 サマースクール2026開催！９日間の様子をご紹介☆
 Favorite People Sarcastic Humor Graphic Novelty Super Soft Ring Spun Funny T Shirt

==

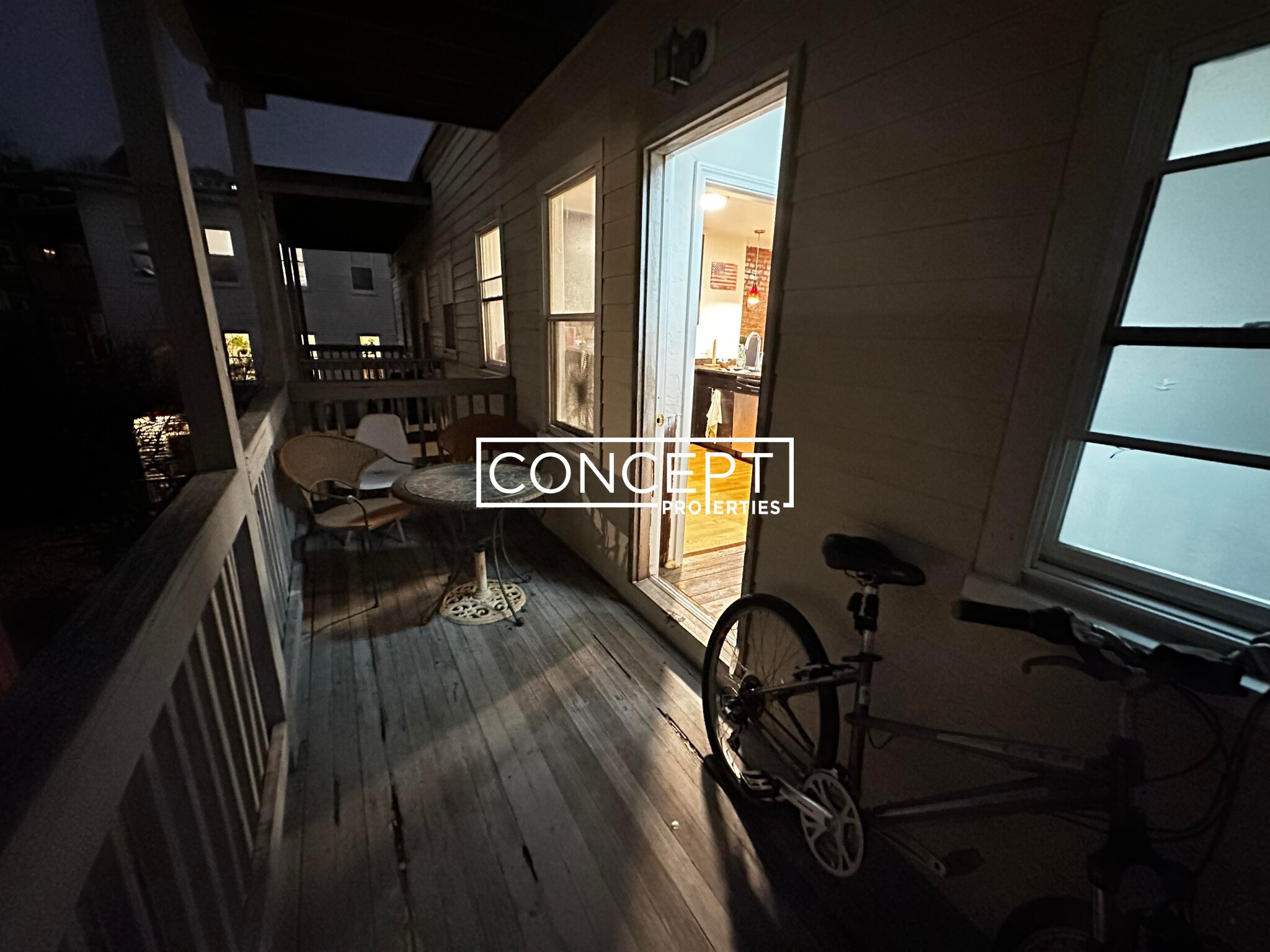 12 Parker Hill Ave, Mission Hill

==

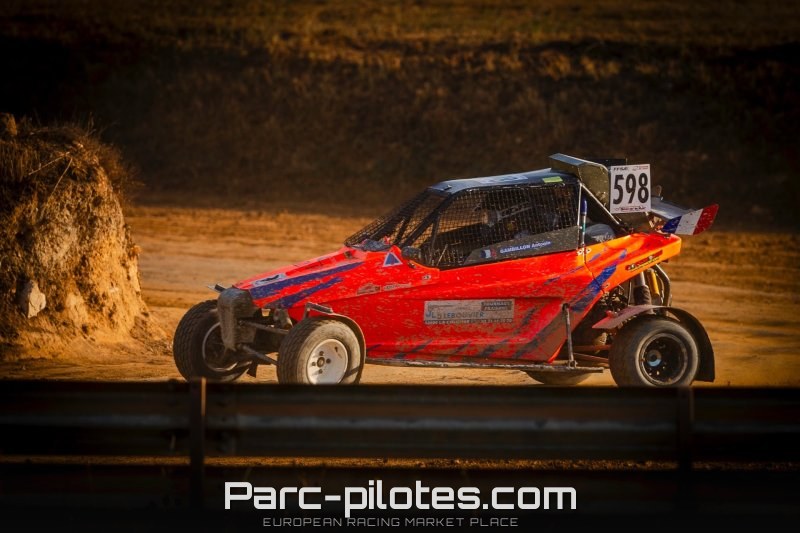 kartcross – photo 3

### Exercise objective
Among the lines above, find the one with "サマースクール2026開催！９日間の様子をご紹介☆" and the one with "Favorite People Sarcastic". Quote both and everything between them, exactly.

### Completed exercise
 サマースクール2026開催！９日間の様子をご紹介☆
 Favorite People Sarcastic Humor Graphic Novelty Super Soft Ring Spun Funny T Shirt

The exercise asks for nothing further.